Wednesday is back. And that alone shifts the mood. But in this new season 2 teaser, released on June 18, 2025, something lingers in the air. Hard to name. Those shots of Nevermore, kind of still, kind of heavy. Like something’s missing. And it is.
This time, the teaser doesn’t rely on punchy lines or the usual dark humor. It doesn’t need to. A hallway with no sound, students walking without looking at each other, a memorial tucked quietly into the main hall. There it is. The death of Principal Weems isn’t just acknowledged. It’s felt.
The new Wednesday teaser quietly addresses what season 1 left behind
It’s strange, sure, but it works. The clip is short, held back, almost reserved. But somehow, it speaks louder than the ones before. Maybe because it doesn’t try to dramatize anything. It just shows. A framed photo of the headmistress, a space made for remembering. That’s all. And that’s enough.
Maybe that’s when it all clicks. The choice not to say anything out loud, not to make it some big moment. Just let it sit in the background, in the set, in the silence. The hallways carry something now. Wednesday walks through them, but this time, the focus isn’t her. It’s what’s no longer there.

What stayed behind
What’s most striking is how her absence changes the tone of the entire school. Nevermore always felt offbeat, full of strange rules and even stranger people. But now there’s something else. A kind of disarray. Not chaos. Just… things slightly out of place.
Wednesday, of course, is still there. Still watching, still pacing, still reading the room behind narrowed eyes. But even she feels a little heavier. Like she knows this return to Nevermore isn’t really a return at all.
A thread from before
Season one was all about uncovering. The monster, the secrets, who was lying and who wasn’t. And in the middle of all that, Wednesday had to uncover pieces of herself too. She didn’t want to connect, but it happened. Slowly. Quietly. One of those connections was with the headmistress.
Weems wasn’t warm. Or soft. But she held the structure together. She understood things. Balanced chaos with control. Maybe that’s why her absence feels so loud now. She wasn’t meant to be the heart of the school, but somehow, she was the center that held everything.

When acting holds it all without saying much
There’s no big moment here. No breakdowns, no long stares or dramatic speeches. But there’s presence. Jenna Ortega keeps everything grounded with that same stillness. Wednesday walks, watches, breathes slower than usual. The school moves around her, but everyone seems to be holding something back.
And the rest of the cast adds to it in ways that aren’t obvious. Some avoid the loss. Some stop in place. Some move forward, but dragging their feet. It all mixes together, giving the school new weight. A strange kind of depth.
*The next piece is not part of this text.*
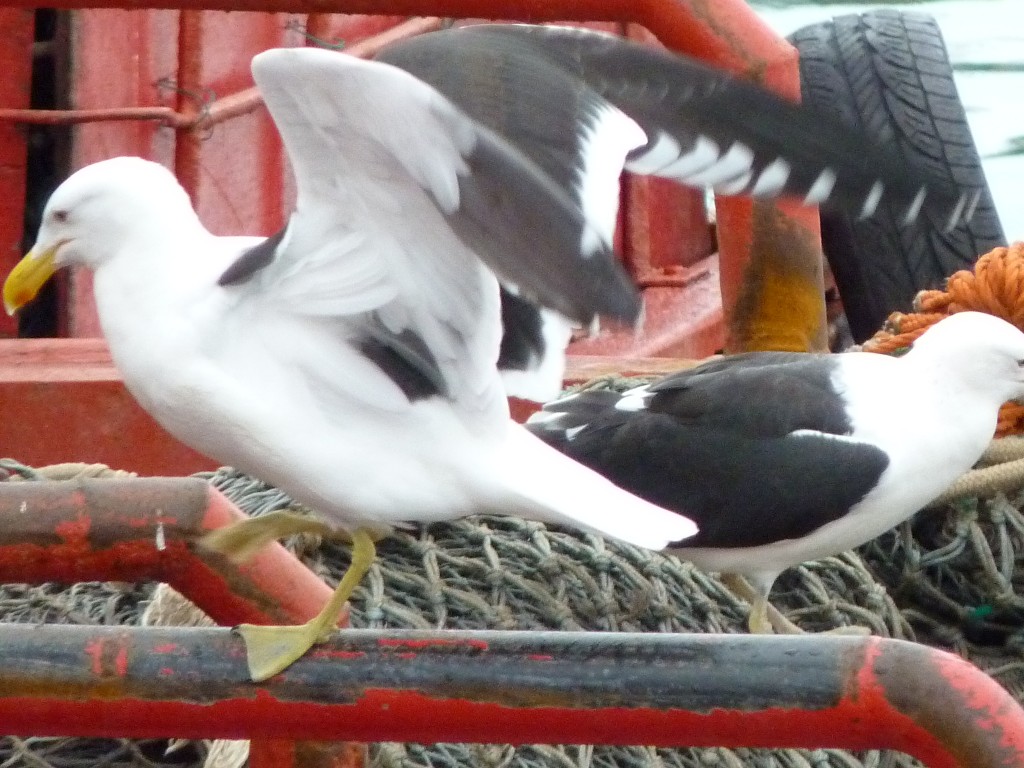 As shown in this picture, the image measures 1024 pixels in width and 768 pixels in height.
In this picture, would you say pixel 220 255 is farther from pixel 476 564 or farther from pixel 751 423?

And where this might be going
It feels like this season might take a different path. Not just in story, but in tone. Less about spectacle, more about what sits underneath. The parts people carry but don’t say. Less about clues. More about what’s left unsaid.
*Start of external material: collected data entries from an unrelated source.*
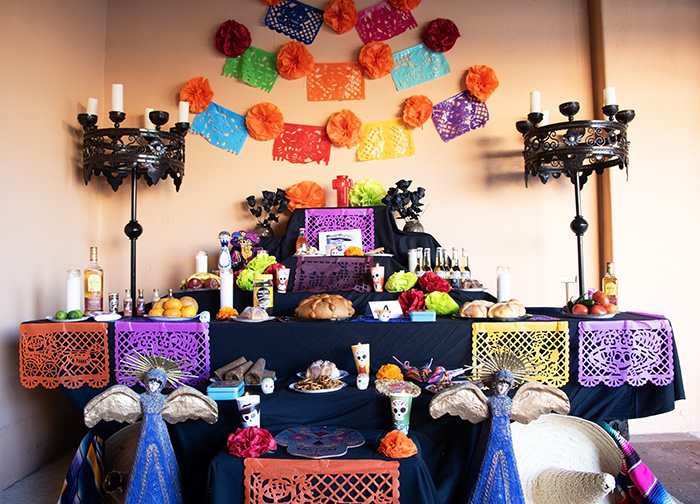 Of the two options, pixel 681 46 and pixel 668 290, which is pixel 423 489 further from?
pixel 681 46

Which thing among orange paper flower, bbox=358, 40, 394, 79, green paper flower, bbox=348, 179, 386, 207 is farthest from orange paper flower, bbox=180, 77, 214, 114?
green paper flower, bbox=348, 179, 386, 207

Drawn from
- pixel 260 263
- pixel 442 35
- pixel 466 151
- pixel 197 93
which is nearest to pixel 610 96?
pixel 466 151

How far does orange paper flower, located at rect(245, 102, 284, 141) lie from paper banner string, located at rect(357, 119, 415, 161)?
62 centimetres

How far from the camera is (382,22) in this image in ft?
12.5

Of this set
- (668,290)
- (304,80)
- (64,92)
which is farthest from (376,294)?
(64,92)

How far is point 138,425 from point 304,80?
2.62 m

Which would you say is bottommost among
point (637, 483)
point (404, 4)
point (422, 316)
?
point (637, 483)

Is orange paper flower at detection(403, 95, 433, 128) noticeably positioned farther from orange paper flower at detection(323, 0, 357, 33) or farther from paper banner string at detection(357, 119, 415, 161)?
orange paper flower at detection(323, 0, 357, 33)

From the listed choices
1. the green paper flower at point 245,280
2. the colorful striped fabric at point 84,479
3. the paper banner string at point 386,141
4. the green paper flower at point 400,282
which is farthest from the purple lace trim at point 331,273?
the colorful striped fabric at point 84,479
Wednesday seems ready for that. Or maybe not ready, but open to it. Because there’s no way to return to the same place after it’s changed. And this time, the story doesn’t seem interested in pretending.

August’s not that far
The season drops in two parts. One in August. The next in September. A month in between. Enough to pause, reflect, maybe even rewatch season one with new eyes. Because now there’s something different. There’s weight. There’s aftermath.
This isn’t just another school year. It’s what comes after loss. That changes everything.
Not everything has to be said to be felt
In the end, this teaser doesn’t shout. It doesn’t push. It just sits. A school, a framed photo, a space surrounded by silence. And somewhere in the middle, a character who’s always understood death. But might now be starting to understand grief.
Wednesday doesn’t have to say she’s changed. She doesn’t have to show it. But something’s different. Just slightly. And that might be what makes it all more interesting.
Because what’s left behind isn’t just the absence of Weems. It’s the space she filled. And how everyone else will have to live with that now.